Here is the code I tried for collections,
string name = "this is a a program program";
string[] arr = name.Split(' ');
var myList = new List<string>();
var duplicates = new List<string>();
foreach(string res in arr)
{
if (!myList.Contains(res))
{
myList.Add(res);
}
else
{
duplicates.Add(res);
}
}
foreach(string result in duplicates)
{
Console.WriteLine(result);
}
Console.ReadLine();
But I want to find the duplicates for the below string and to store it in an array.

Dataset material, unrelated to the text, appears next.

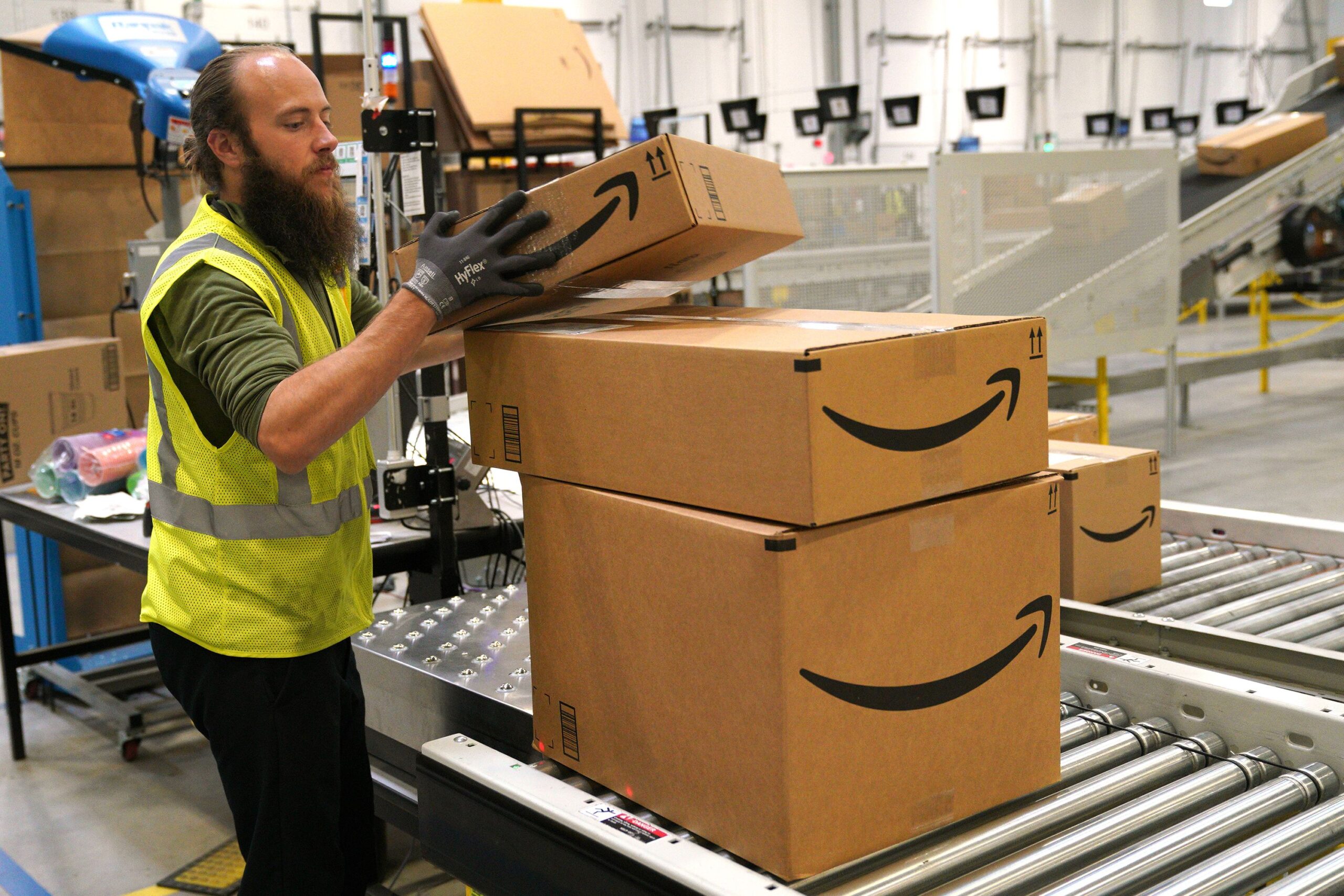 A worker moves packed boxes at the Amazon fullfillment center May 3, 2018 in Aurora, Colorado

How to do that?
eg:- string aa = "elements";
In the above string i want to find the duplicate characters and store it in an array
Can anyone help me?

Linq solution:
string name = "this is a a program program";
String[] result = name.Split(' ')
.GroupBy(word => word)
.Where(chunk => chunk.Count() > 1)
.Select(chunk => chunk.Key)
.ToArray();
Console.Write(String.Join(Environment.NewLine, result));
The same princicple for duplicate characters within a string:
String source = "elements";
Char[] result = source
.GroupBy(c => c)
.Where(chunk => chunk.Count() > 1)
.Select(chunk => chunk.Key)
.ToArray();
// result = ['e']
Console.Write(String.Join(Environment.NewLine, result));

string name = "elements";
var myList = new List<char>();
var duplicates = new List<char>();
foreach (char res in name)
{
if (!myList.Contains(res))
{
myList.Add(res);
}
else if (!duplicates.Contains(res))
{
duplicates.Add(res);
}
}
foreach (char result in duplicates)
{
Console.WriteLine(result);
}
Console.ReadLine();

string is an array of chars. So, you can use your collection approach.
But, I would reccomend typed HashSet. Just load it with string and you'll get array of chars without duplicates, with preserved order.
take a look:
string s = "aaabbcdaaee";
HashSet<char> hash = new HashSet<char>(s);
HashSet<char> hashDup = new HashSet<char>();
foreach (var c in s)
if (hash.Contains(c))
hash.Remove(c);
else
hashDup.Add(c);
foreach (var x in hashDup)
Console.WriteLine(x);
Console.ReadKey();

Instead of a List<> i'd use a HashSet<> because it doesn't allow duplicates and Add returns false in that case. It's more efficient. I'd also use a Dictionary<TKey,Tvalue> instead of the list to track the count of each char:
string text = "elements";
var duplicates = new HashSet<char>();
var duplicateCounts = new Dictionary<char, int>();
foreach (char c in text)
{
int charCount = 0;
bool isDuplicate = duplicateCounts.TryGetValue(c, out charCount);
duplicateCounts[c] = ++charCount;
if (isDuplicate)
duplicates.Add(c);
}
Now you have all unique duplicate chars in the HashSet and the count of each unique char in the dictionary. In this example the set only contains e because it's three times in the string.
So you could output it in the following way:
foreach(char dup in duplicates)
Console.WriteLine("Duplicate char {0} appears {1} times in the text."
, dup
, duplicateCounts[dup]);
For what it's worth, here's a LINQ one-liner which also creates a Dictionary that only contains the duplicate chars and their count:
Dictionary<char, int> duplicateCounts = text
.GroupBy(c => c)
.Where(g => g.Count() > 1)
.ToDictionary(g => g.Key, g => g.Count());
I've shown it as second approach because you should first understand the standard way.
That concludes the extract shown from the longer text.